Двадцать лет спустя, уже после смерти Писемского, Анненков вернется к его роману в обширной работе, которую он назовет «пространным некрологом». Страсти улягутся, результаты прояснятся, оценки сбалансируются.
Тогда Анненков напишет:
«Роман „Тысяча душ“ принадлежит к числу наиболее продуманных и наиболее обработанных созданий Писемского. Он поразил тщательностью своей постройки и иностранных критиков, познакомившихся с ним в переводах.[10] Развитие интриги его и характера главного его героя, Калиновича, на котором вращается все действие романа, обнаруживает строгую художественную работу, чего так недостает некоторым из позднейших его произведений второго, московского периода. Писемский не скрыл недостатков Калиновича. Он показал в нем деспотическую натуру с привитыми к ней семенами культурных идей. Созревшие плоды этой прививки не замедлили отозваться свойствами дерева, на котором выросли. Калинович на первых же порах оказывается способным распространять кругом себя, во имя прогресса, всеобщий плач и ужас, не заботясь, куда они приведут самое дело, предпринятое им в видах поправления и укоренения добрых начал. Чем далее идет повествование', тем яснее становится, что Калинович — чиновник с учебным дипломом, пробивающийся сквозь табель о рангах в своего рода петры великие для того, чтобы на последних ступенях карьеры кончить покаянием в заблуждениях молодости. Русское общество видело множество типов этого рода в своих недрах. Писемский не утаил и того обстоятельства, что людям этого характера необходимо для свободы действий обладать каким–либо видом государственной власти, чего они и добиваются всеми силами души, не пренебрегая никаким оружием, не отступая ни перед какими средствами, выводящими людей на видные места. Калинович не отказывается ни от одной, или плотской, или честолюбивой, похоти, преследует разные цели, одновременно живет в связи с любящей его актрисой и задумывает сделать богатую партию на стороне. Это в одно время сластолюбец, расчетливый карьерист и носитель просвещения!..»

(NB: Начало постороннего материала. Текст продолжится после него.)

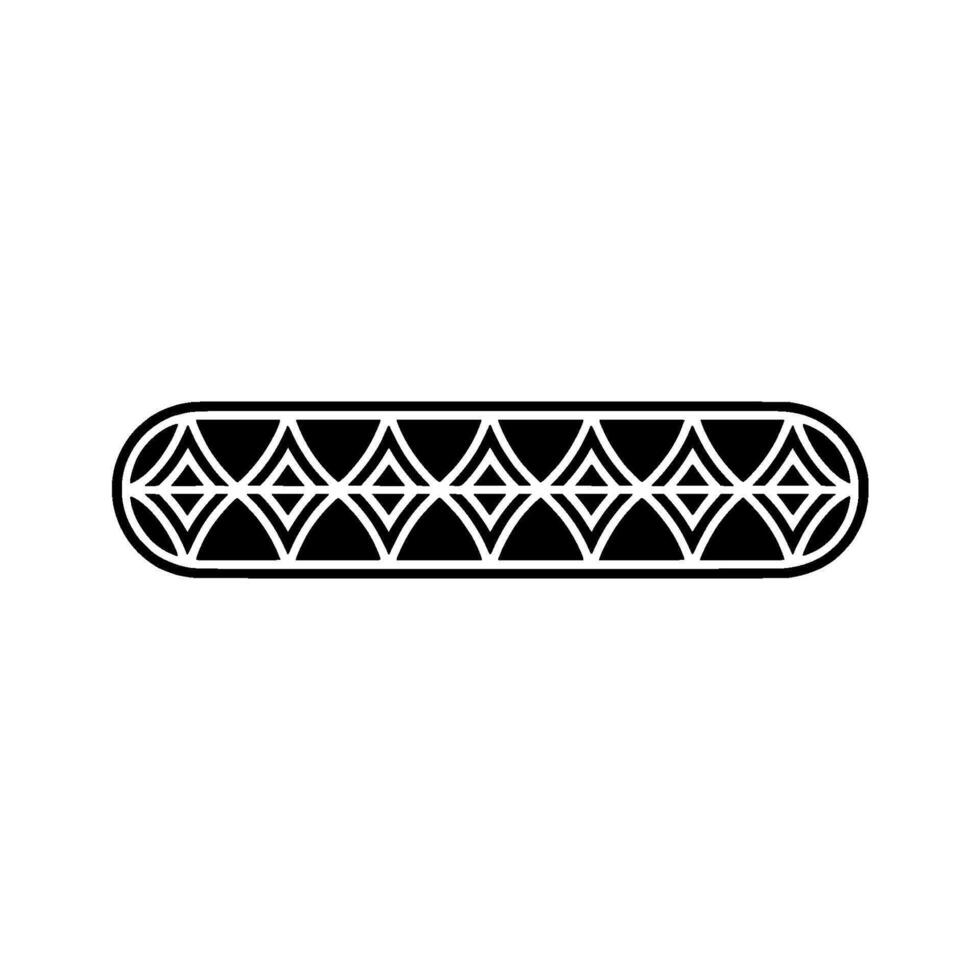 Geometric Black White Decorative Border, Minimalist Style vector
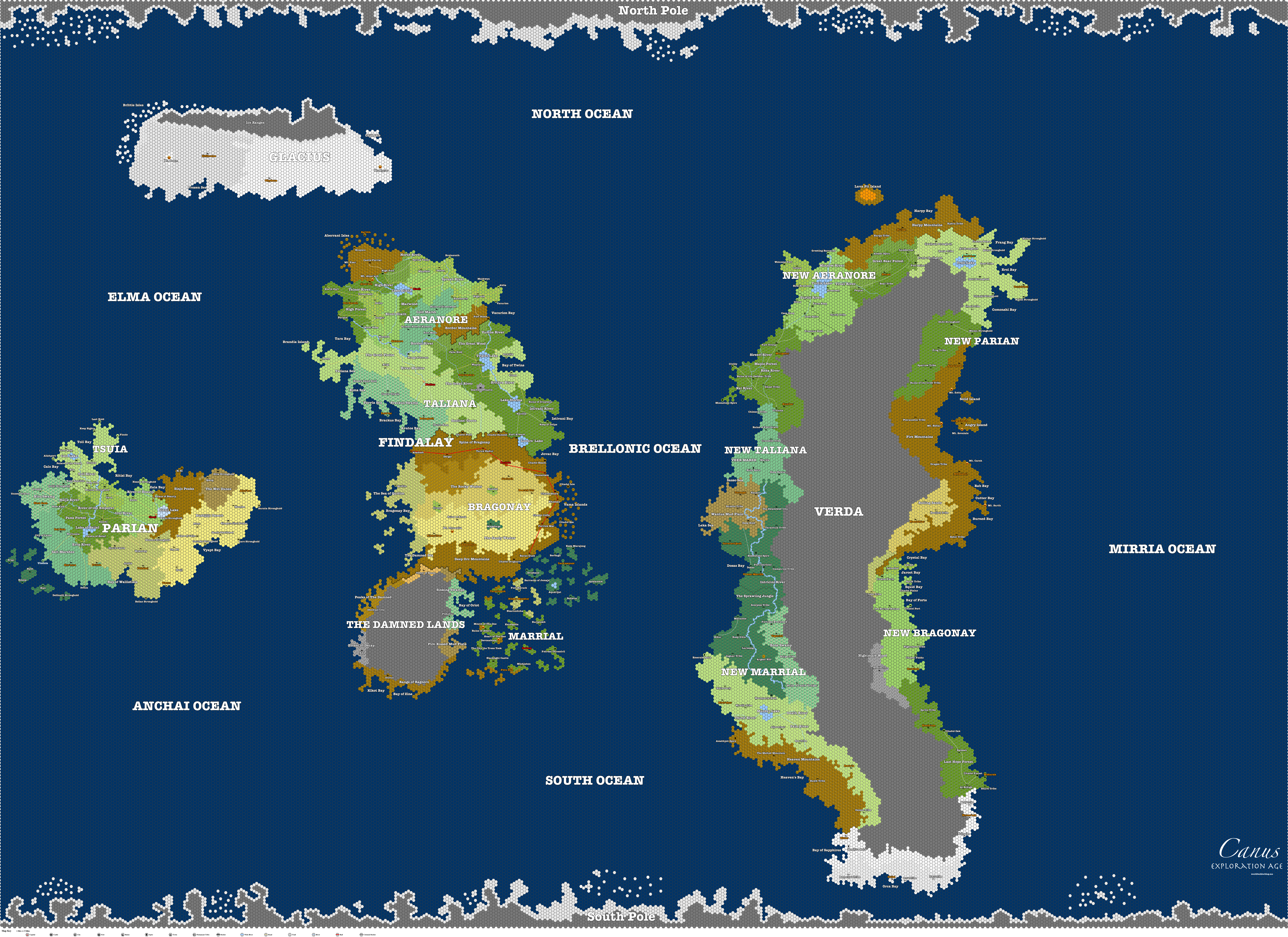 My latest map of Canus... still needs some tweaks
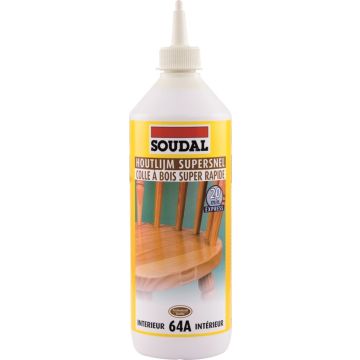 Soudal Supersnelle houtlijm 64A 750ml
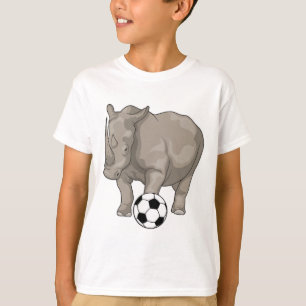 Rhino Soccer player Soccer T-Shirt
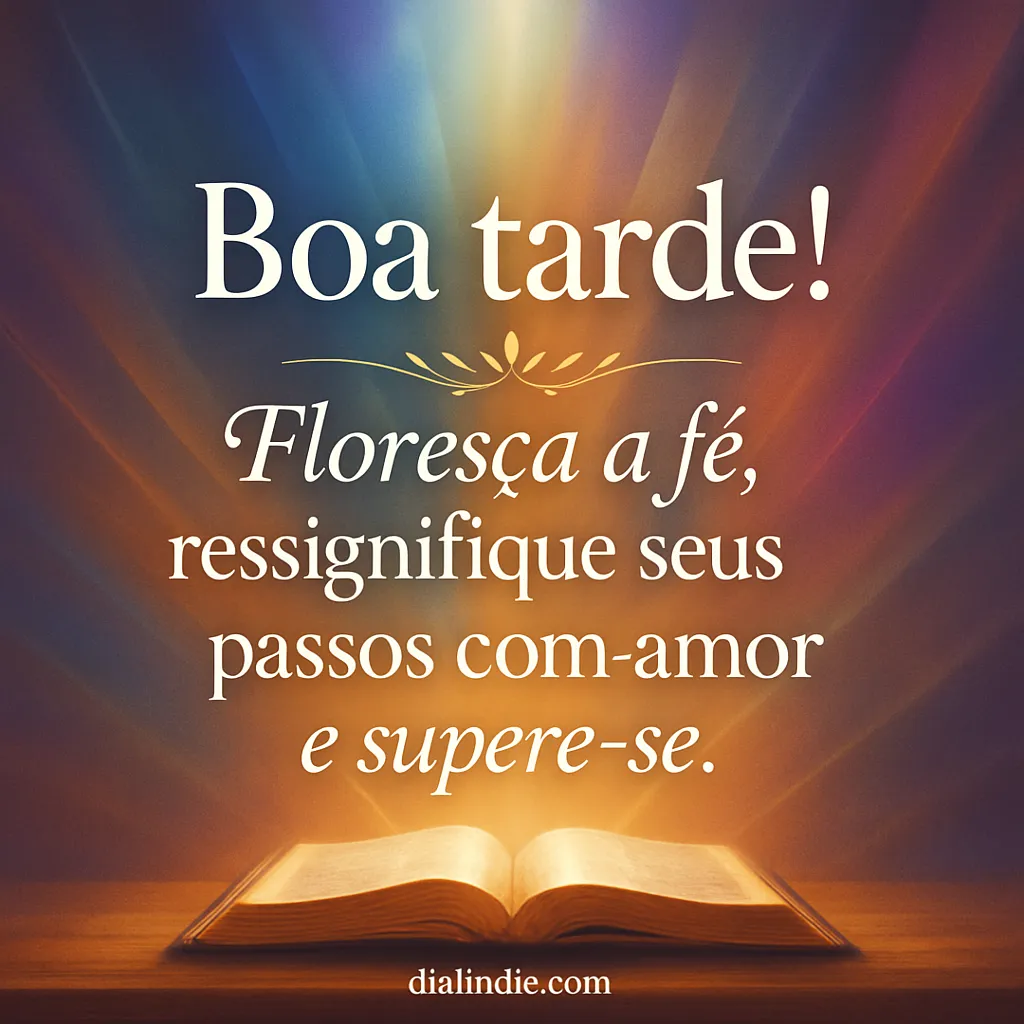 RefloreSer: Fé, Amor, Passo.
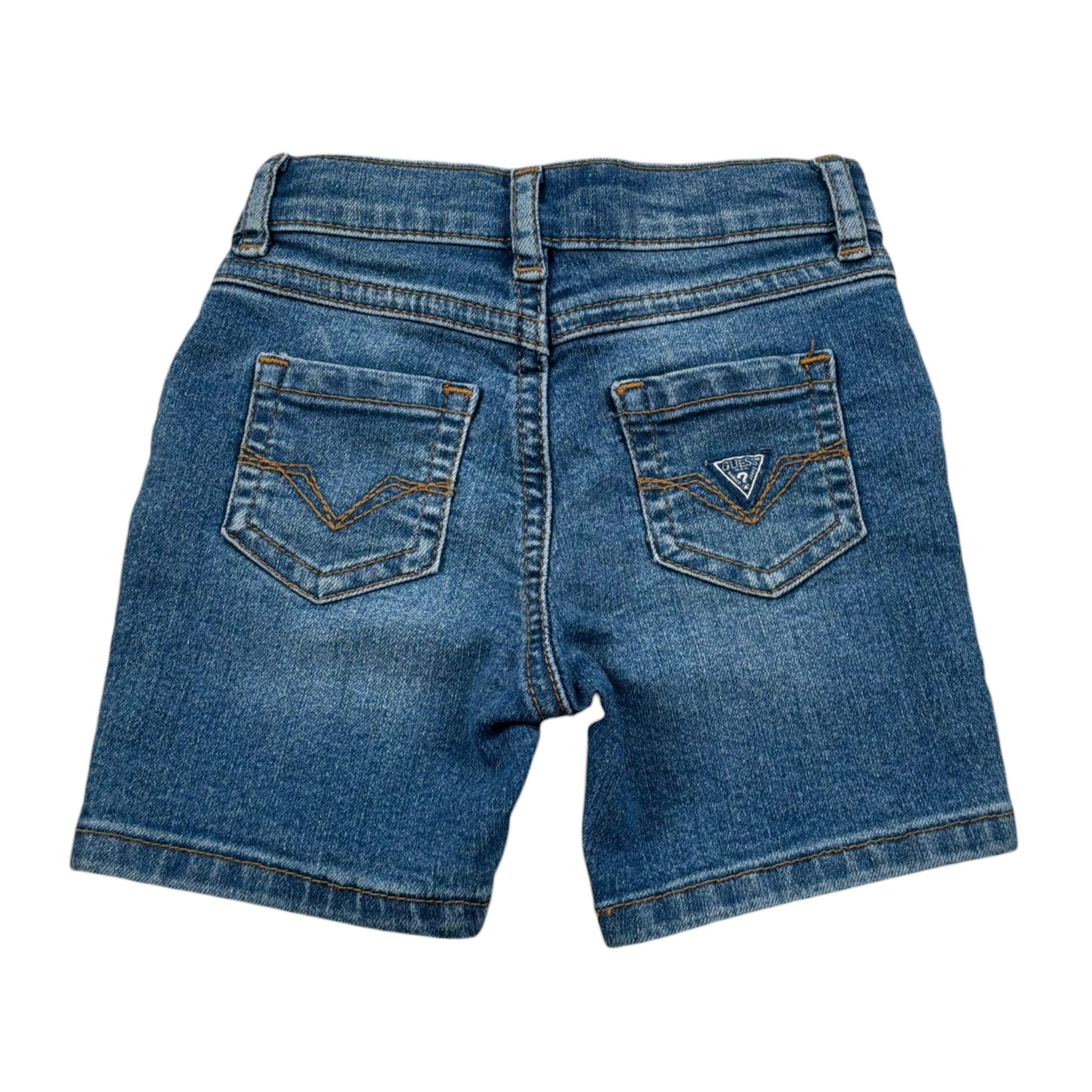 Guess Bermuda In Denim Tinta Unita per Neonato N0BD00D48S0 BLU GUESS 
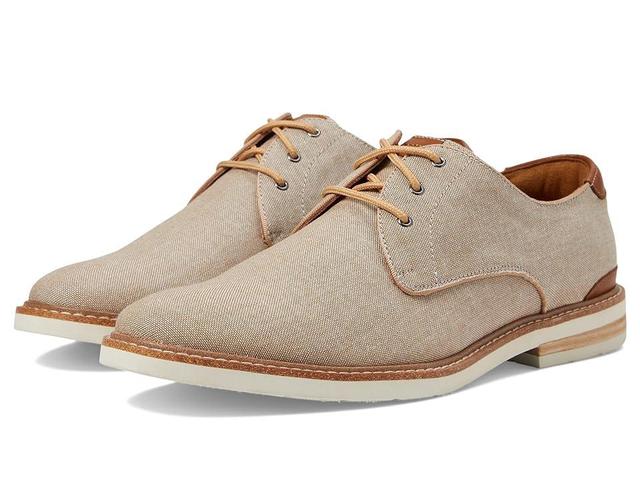 Florsheim Highland Canvas Plain Toe Oxford (Sand Canvas/White Sole) Men's Shoes Product Image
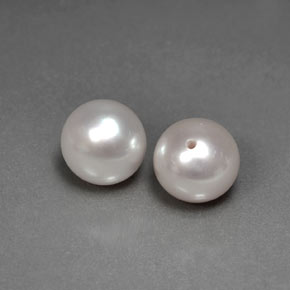 8.08 ct White Pearl Stone, Natural Pearl in Half-Drilled Sphere Shape for Sale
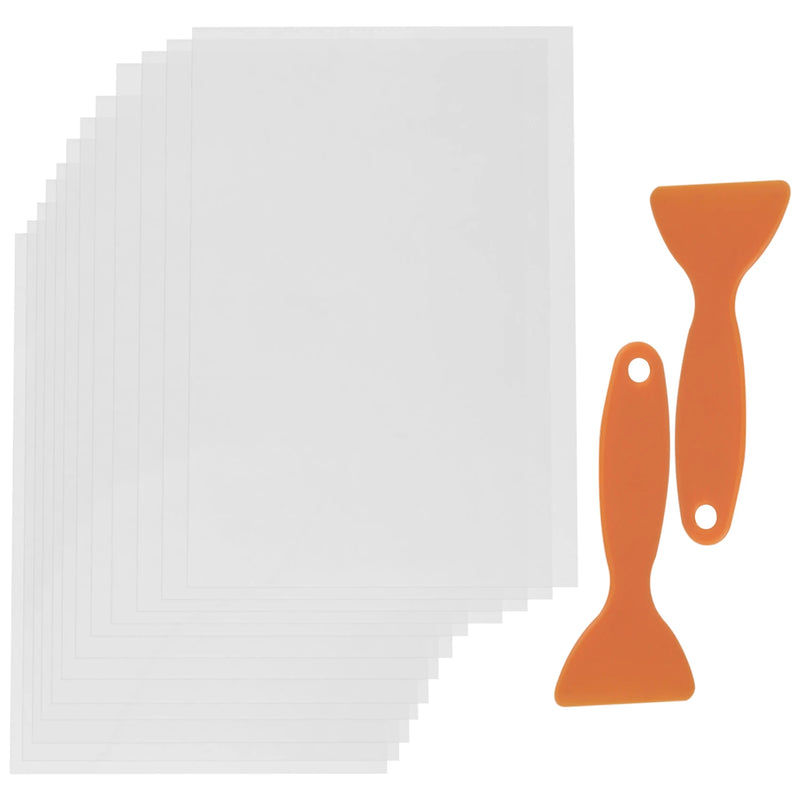 12Pcs FEP Film for UV 3D Printers, 200X140X0.15mm Thickness, LCD Resin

В этой вполне сбалансированной характеристике все на месте. Из нее ясно и то, почему «Тысяча душ» остается в русской литературе особняком, почему роман, не разрешивший своих проблем, не подхвачен: по другому пути уходит русская литература, через Тургенева к Достоевскому и к Толстому: к последним вопросам, к духовной монолитности, которая превыше практики. Писемский же увековечивает проблему в ее статике, в ее тяжелой натуральности, в ее практической неразрешимости: русское общество видело множество типов этого рода в своих недрах… — констатирует Анненков; это — самая сильная мысль в его рассуждении и, пожалуй, это приговор роману.
Приговор справедливый.
Но все–таки помнится у Анненкова другое. Не спокойная взвешенность суждений 1881 года. А острая тревога 1859–го. Когда еще неясно, во что выльется подступающее брожение шестидесятых годов. Когда еще и главные драмы впереди. И надежды еще не разбиты.
На Анненкове фактически замыкается круг крупных критиков, откликнувшихся на выход романа. Заметим, однако: молчит Чернышевский, молчит Добролюбов, молчит Григорьев.
Но почему же они молчат?
Вернее, как молчат? Что означает их молчание?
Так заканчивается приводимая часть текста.